▶ _DATA FOR THE TASK_
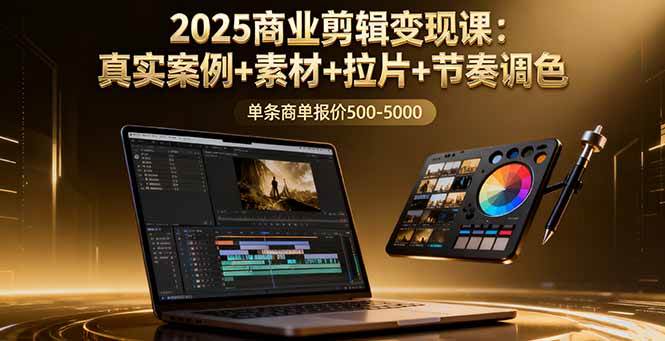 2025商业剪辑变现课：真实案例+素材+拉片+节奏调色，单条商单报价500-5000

==

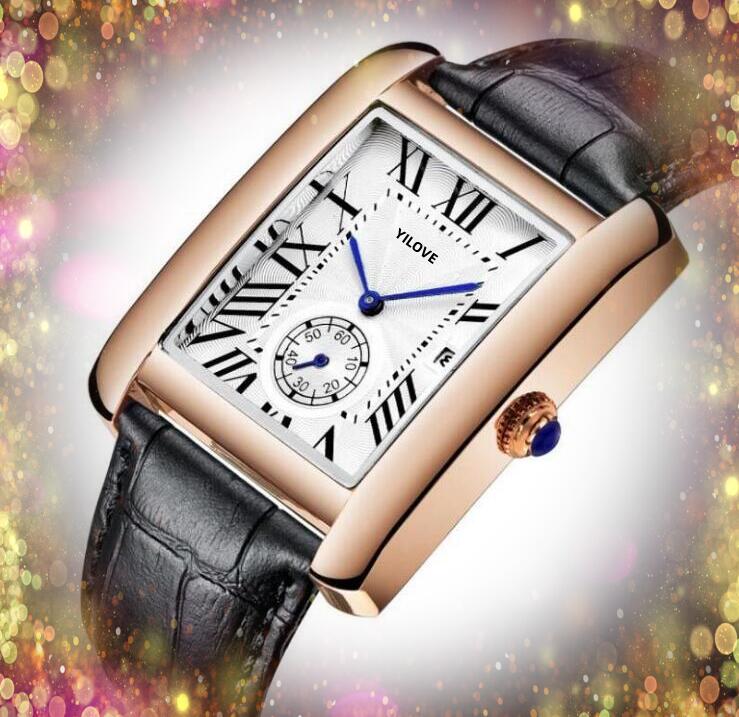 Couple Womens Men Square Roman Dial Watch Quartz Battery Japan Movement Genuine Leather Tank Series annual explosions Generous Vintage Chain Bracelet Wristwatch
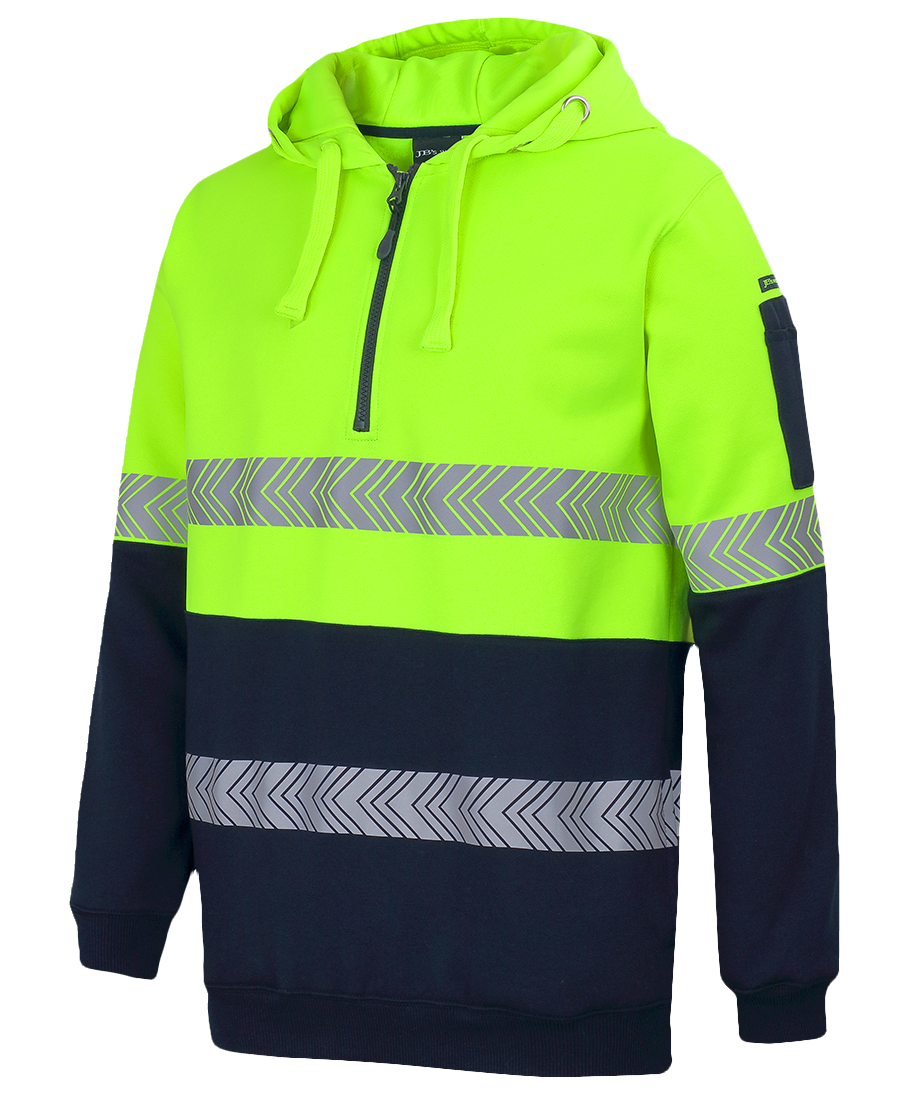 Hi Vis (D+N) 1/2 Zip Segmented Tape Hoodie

▶ _ASSIGNMENT_
Using the material above, reproduce only the lines that run from the line with "Couple Womens Men" up to and including the line with "Hi Vis (D+N) 1/2 Zip Segmented Tape Hoodie", exactly, with the pictures dropped.

▶ _WRITTEN REPLY_
 Couple Womens Men Square Roman Dial Watch Quartz Battery Japan Movement Genuine Leather Tank Series annual explosions Generous Vintage Chain Bracelet Wristwatch
 Hi Vis (D+N) 1/2 Zip Segmented Tape Hoodie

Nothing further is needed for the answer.